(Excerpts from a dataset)
┌──

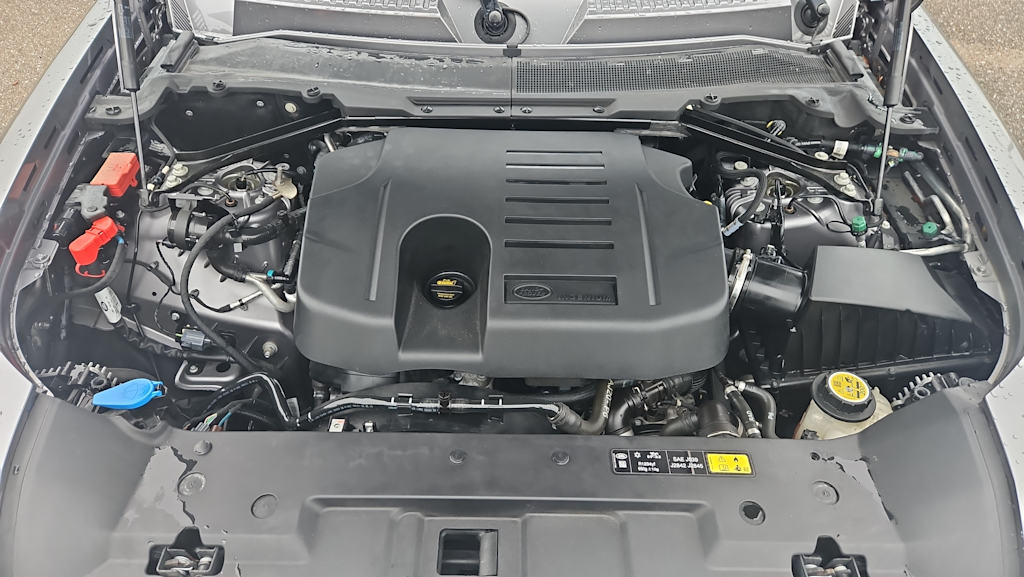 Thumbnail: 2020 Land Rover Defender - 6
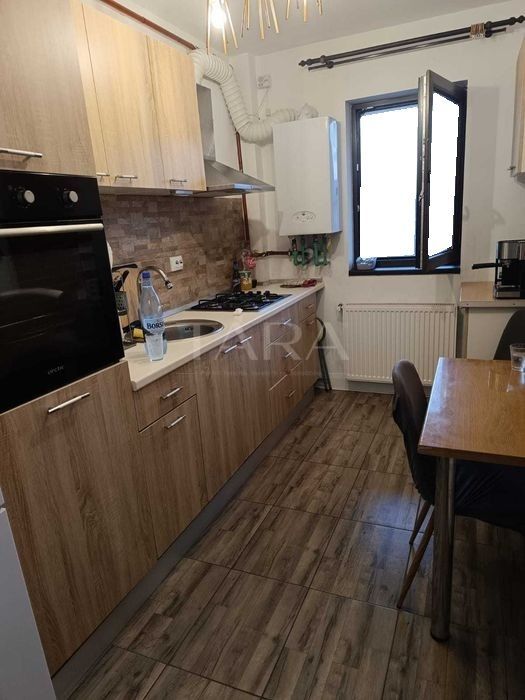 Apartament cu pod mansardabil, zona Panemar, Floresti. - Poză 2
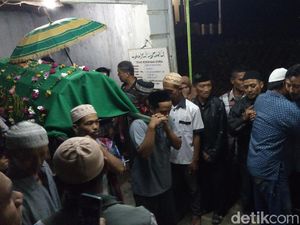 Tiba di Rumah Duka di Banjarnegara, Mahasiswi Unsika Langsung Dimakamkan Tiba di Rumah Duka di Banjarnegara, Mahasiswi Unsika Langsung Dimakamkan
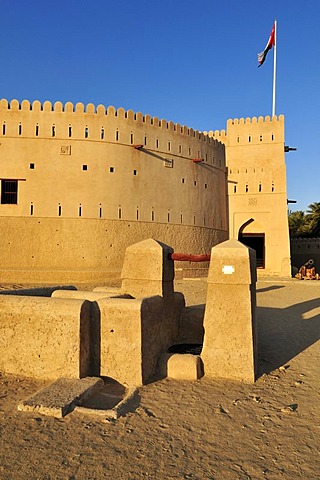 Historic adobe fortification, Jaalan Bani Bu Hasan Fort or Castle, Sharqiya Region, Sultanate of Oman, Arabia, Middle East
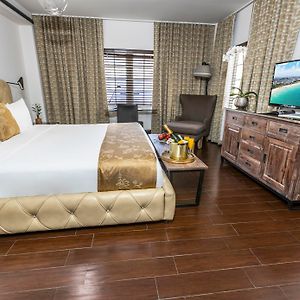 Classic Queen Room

└──

Task prompt:
In the records above, find the line containing "Apartament cu pod" and the line containing "Langsung Dimakamkan Tiba", then give both of them again word for word along with every line between. Omit any pictures.

Task result:
 Apartament cu pod mansardabil, zona Panemar, Floresti. - Poză 2
 Tiba di Rumah Duka di Banjarnegara, Mahasiswi Unsika Langsung Dimakamkan Tiba di Rumah Duka di Banjarnegara, Mahasiswi Unsika Langsung Dimakamkan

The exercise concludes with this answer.